In 2008, the same year New York's congestion pricing scheme died in Albany, Los Angeles voters approved Measure R, a half-cent sales tax that over the next three decades is expected to garner $40 billion for transportation.
It's the third such transit-dedicated, voter-approved sales tax passed there since 1980. Those three taxes comprise the bulk of the agency's funding.
In April of 2011, that agency's budget included money for, "about a dozen rail lines that are either under construction or being planned," according to the L.A. Times.
New York's M.T.A. is expanding, too, in some targeted ways, but it's also chronically short of money and so lacking in political support that it's near impossible to imagine New Yorkers willingly going to a voting booth to support it with new taxes. Joe Lhota, the authority's relatively new chairman, regularly says as much, and has made improving the M.T.A.'s reputation and shoring up its political support one of his explicit goals.
But if Angelenos seem more willing to pay up for new transit than New Yorkers are, it should also be noted that the two cities, and their transit situations, are very, very different.
New York's M.T.A. spans three states and is basically run by New York's governor, with input from the legislature in Albany, even as its operations are headquartered downstate.

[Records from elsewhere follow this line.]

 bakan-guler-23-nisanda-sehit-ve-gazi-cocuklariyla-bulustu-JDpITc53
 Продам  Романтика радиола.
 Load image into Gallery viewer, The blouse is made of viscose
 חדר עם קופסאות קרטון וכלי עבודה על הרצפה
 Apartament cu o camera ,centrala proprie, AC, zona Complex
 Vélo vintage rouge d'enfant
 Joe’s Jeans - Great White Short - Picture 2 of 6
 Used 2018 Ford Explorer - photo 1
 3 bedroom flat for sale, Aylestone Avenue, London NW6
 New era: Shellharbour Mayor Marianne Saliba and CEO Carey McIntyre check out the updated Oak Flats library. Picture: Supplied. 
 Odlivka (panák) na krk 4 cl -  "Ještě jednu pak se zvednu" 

L.A.'s system is more locally governed.
New York's system is also relatively ancient, and much of its budget is dedicated to the unexciting task of keeping existing infrastructure in a state of good repair. In L.A., by contrast, the system is relatively new, and the metro's emphasis is on expansion.
A new subway line is more exciting than a new signaling system.
Also: L.A. has horrible traffic. New York's is bad. But really, it's no contest.
"I mean, nothing focuses the mind on the need for public transit investment more than sitting in traffic for hours on end," said Schank.
All that said, is there something, from a political and marketing perspective, that New York's transit authority could learn from Los Angeles?
For one, L.A.'s political leadership is arguably focused on transit in a way that New York's politicians aren't, really.
Andrew Cuomo seems to view public transportation more than anything as a potential liability to be mitigated, going back a while before he actually became governor; the legislature uses the M.T.A. alternately as a whipping post and a piggy bank; Michael Bloomberg has given up on proposing enlightened transit-funding schemes that go to Albany to die; Bloomberg's would-be successors, so far, have focused on the easy stuff.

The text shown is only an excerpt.